Brother, Can You Spare A Billion? The Story of Jesse Jones  

Jones

"What we need most now, as always, is a fairness of attitude toward one another, a willingness to work together for the good of all." --Jesse H. Jones

The Great Depression: Setting the Scene

The Great Depression was an economic crisis of a magnitude never before seen in the United States. During this time, stock prices plummeted, 9,000 banks went out of business, 9 million savings accounts were wiped out, 86,000 businesses failed and wages decreased by an average of 60%. The unemployment rate, previously at 9%, rose to 25%, which left almost 15 million people without jobs.

The country's slide into the Great Depression -- with increasing unemployment, falling production and prices -- continued throughout President Hoover's term of office from 1929 to 1933.

The problems were compounded since the United States, unlike Europe, had no effective system of unemployment insurance to protect against job loss. It was toward the end of his term that Hoover created the Reconstruction Finance Corporation, a federal agency that would later become key in stabilizing the shaky credit situation that threatened all sectors of the national economy.

Jesse Jones: Helping America Heal

In the 1920's, prior to the Great Depression, Jesse Jones embarked on the most ambitious phase of his building career. He filled the city's Main Street with its tallest buildings, its most ornate theaters and its grandest hotels. Gulf Oil Building

As the decade came to an end, Jones continued to expand his empire, completing a 35-story art deco building in 1929 that would be home to the Gulf Oil Company and his National Bank of Commerce. Shortly after the building opened, the stock market crashed and the nation plunged into the Great Depression.

When it became apparent that two failing Houston banks were about to bring down all the others, Mr. Jones called the city's leading businessmen to his office to work out a plan that would allow the stable banks and several local companies to rescue the two faltering banks. As a result of Jones' leadership, no banks in Houston failed during the Great Depression. His work did not go unnoticed.

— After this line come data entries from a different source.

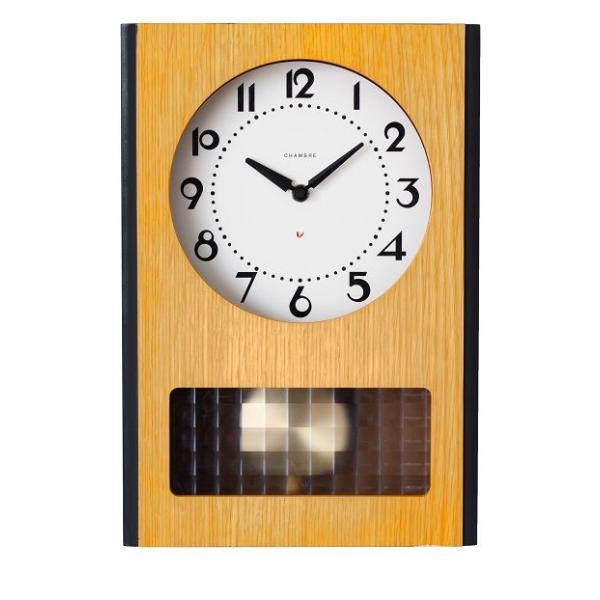 BC PENDULUM CLOCK CHAMBRE|v@OAK Vu|v@GLASSUqv @CH051OA
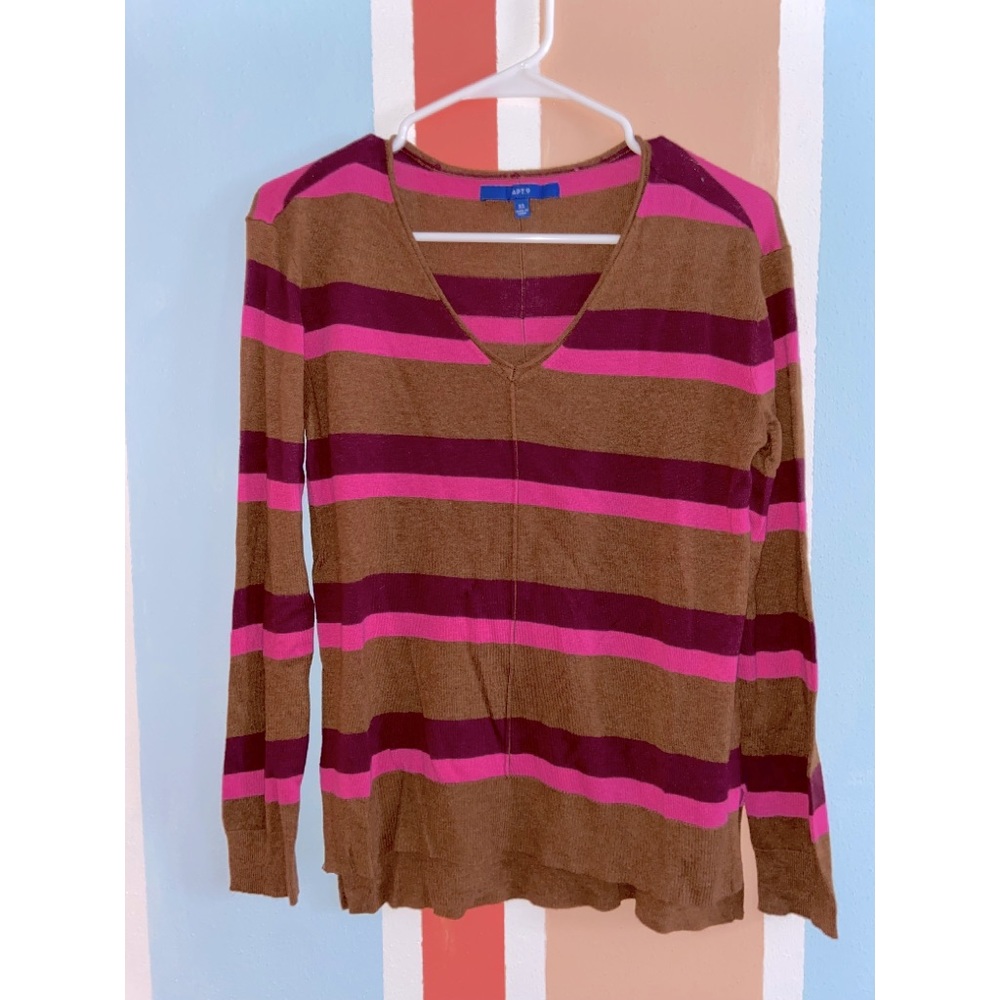 Apt 9 Stripe Sweater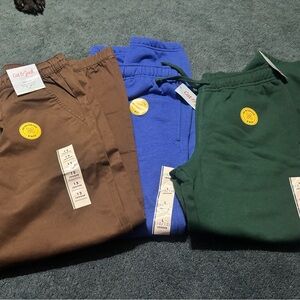Cat & Jack Kids Sweatpants - Brown, Blue, and Green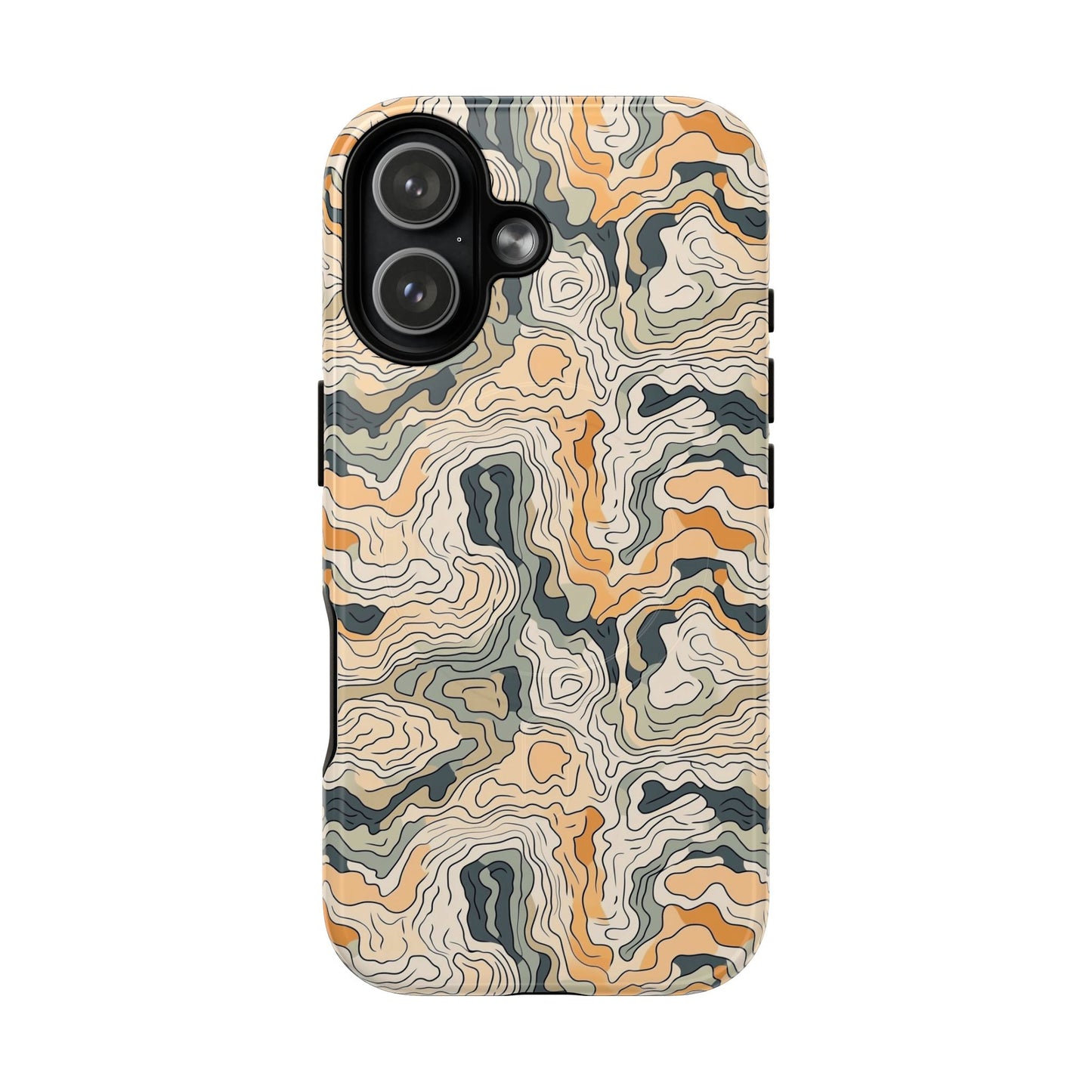 Earthy Abstract Tough Magnetic Phone Case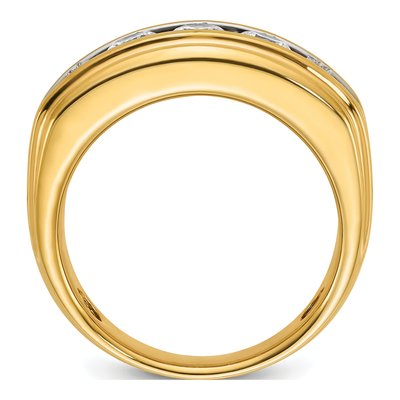 Men's 10K Yellow Gold Channel Ring Mounting – view 2
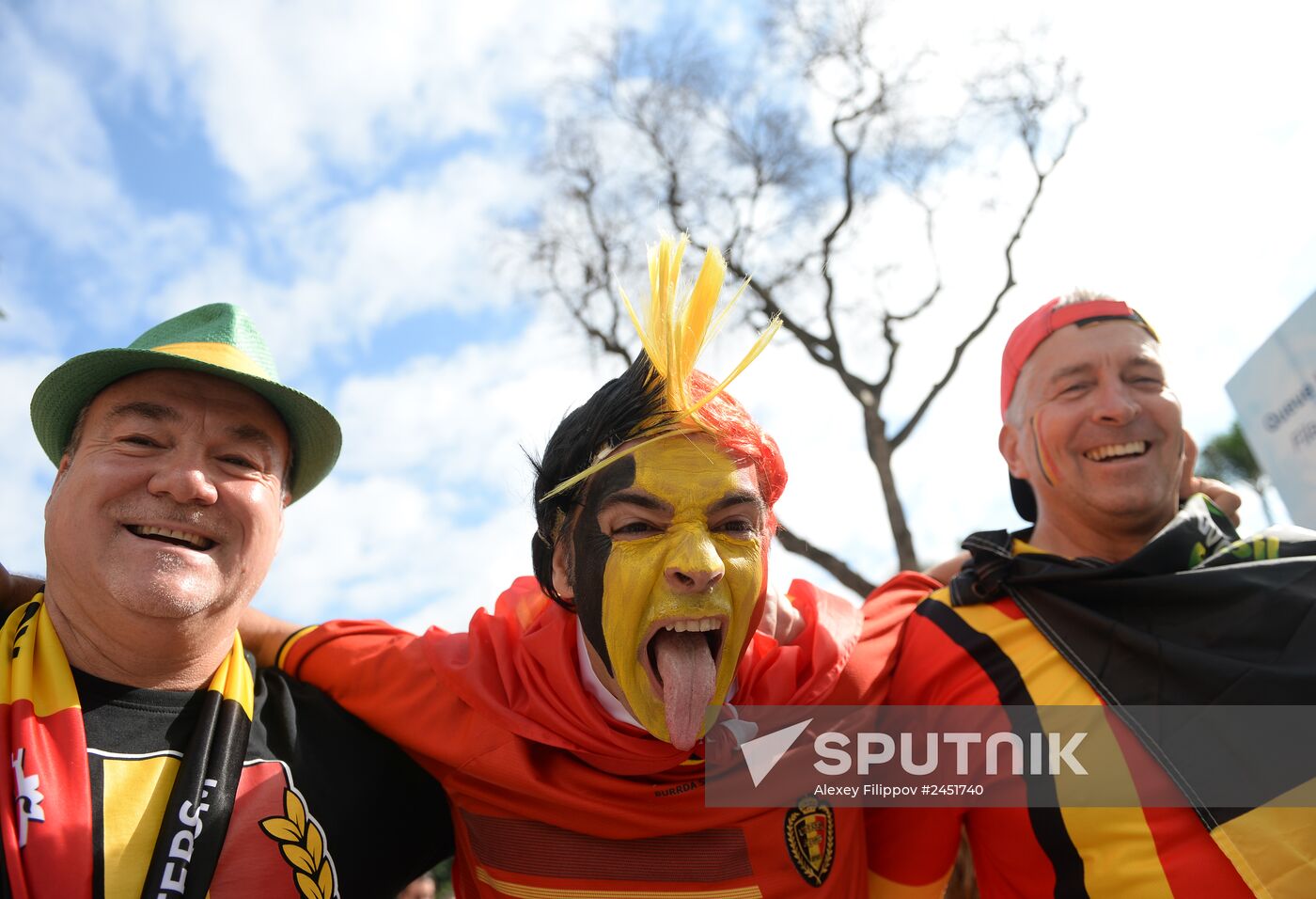 2014 FIFA World Cup. Belgium vs. Russia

Jesse Jones' business and financial acumen were called upon during the depths of the Great Depression when President Herbert Hoover asked him to serve on the board of the newly created Reconstruction Finance Corporation (RFC). This federal corporation, whose creation was initiated by Hoover, had capital of $500,000,000 and authority to borrow three billion more from the Treasury and from private sources.

When Hoover first made his bold, imaginative proposal to bring the still-powerful credit of the United States to the support of individual institutions, he believed that it would be used primarily by smaller banks and financial institutions and by the railroads. He anticipated that the RFC's major contribution would be to stop deflation in agriculture and industry. Jones, however, was convinced that President Hoover had been too optimistic in thinking that the big banks and industries would not need assistance. In this, he was soon proved correct. Not only did Bank of America, the nation's biggest banking chain, need cash to meet withdrawals, but the greatest railroad system in the United States was also in deep trouble.